Record extracts:
──────
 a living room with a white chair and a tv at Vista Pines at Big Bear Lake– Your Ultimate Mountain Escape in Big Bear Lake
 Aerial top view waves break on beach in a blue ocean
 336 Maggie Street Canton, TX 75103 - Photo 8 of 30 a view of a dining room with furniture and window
──────
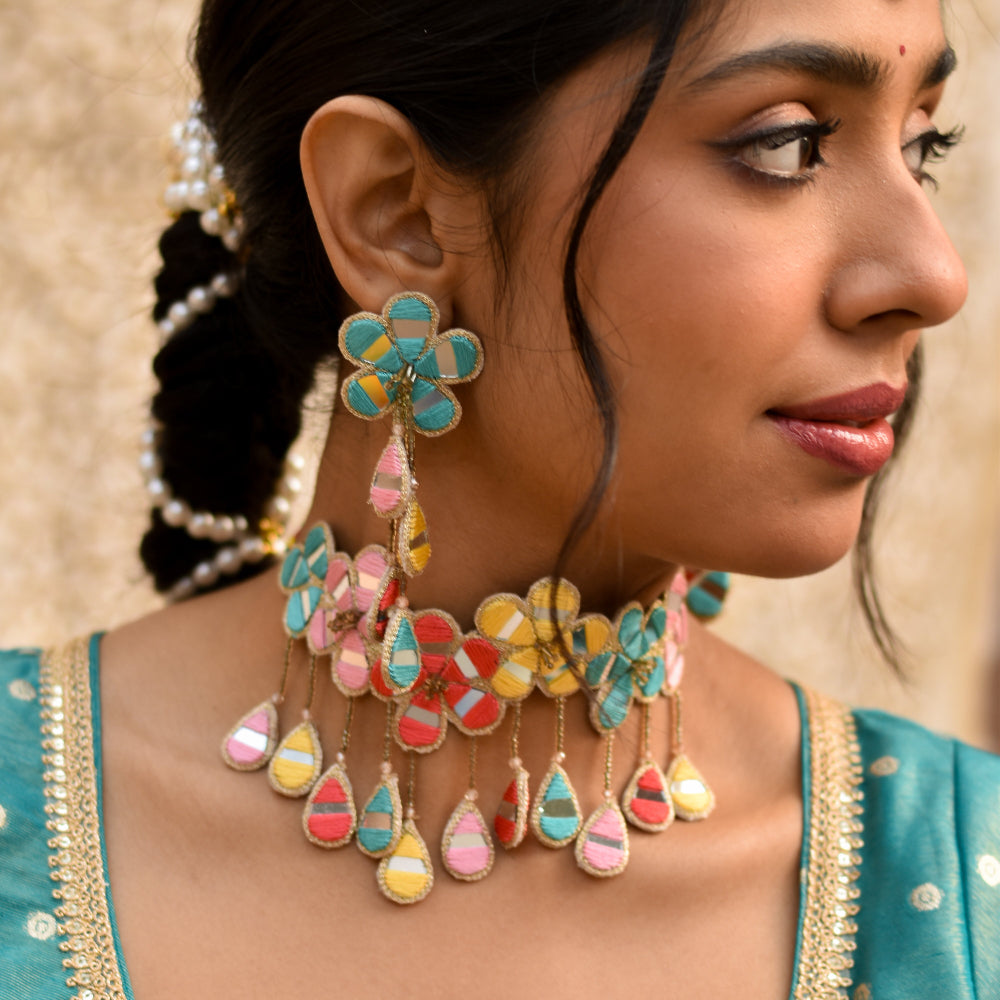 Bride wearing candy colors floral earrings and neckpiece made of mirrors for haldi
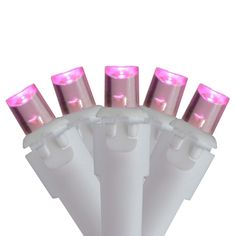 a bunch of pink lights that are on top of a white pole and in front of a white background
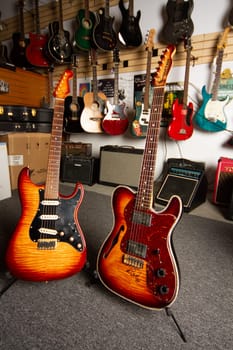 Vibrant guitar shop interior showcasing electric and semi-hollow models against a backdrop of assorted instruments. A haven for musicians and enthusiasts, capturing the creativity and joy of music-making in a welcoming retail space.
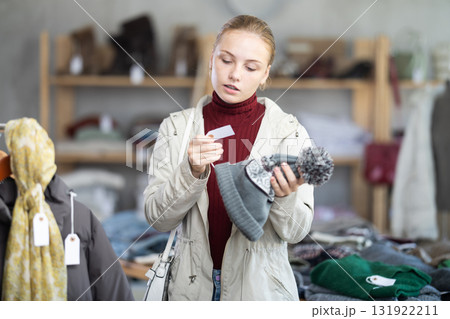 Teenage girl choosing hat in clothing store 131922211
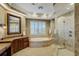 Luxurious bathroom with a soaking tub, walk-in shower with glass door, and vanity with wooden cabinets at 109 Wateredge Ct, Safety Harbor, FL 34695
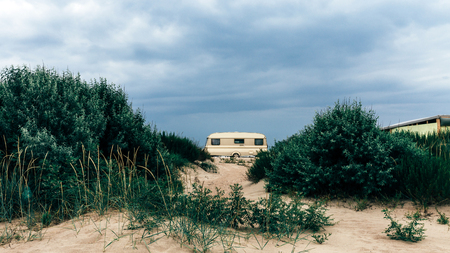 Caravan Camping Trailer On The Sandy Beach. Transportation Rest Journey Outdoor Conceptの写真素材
──────
Transcribe the listing above exactly, but only from the line with "Bride wearing candy" through the line with "Caravan Camping Trailer". Include both of those lines and omit the pictures.

Output for this exercise:
 Bride wearing candy colors floral earrings and neckpiece made of mirrors for haldi
 a bunch of pink lights that are on top of a white pole and in front of a white background
 Vibrant guitar shop interior showcasing electric and semi-hollow models against a backdrop of assorted instruments. A haven for musicians and enthusiasts, capturing the creativity and joy of music-making in a welcoming retail space.
 Teenage girl choosing hat in clothing store 131922211
 Luxurious bathroom with a soaking tub, walk-in shower with glass door, and vanity with wooden cabinets at 109 Wateredge Ct, Safety Harbor, FL 34695
 Caravan Camping Trailer On The Sandy Beach. Transportation Rest Journey Outdoor Conceptの写真素材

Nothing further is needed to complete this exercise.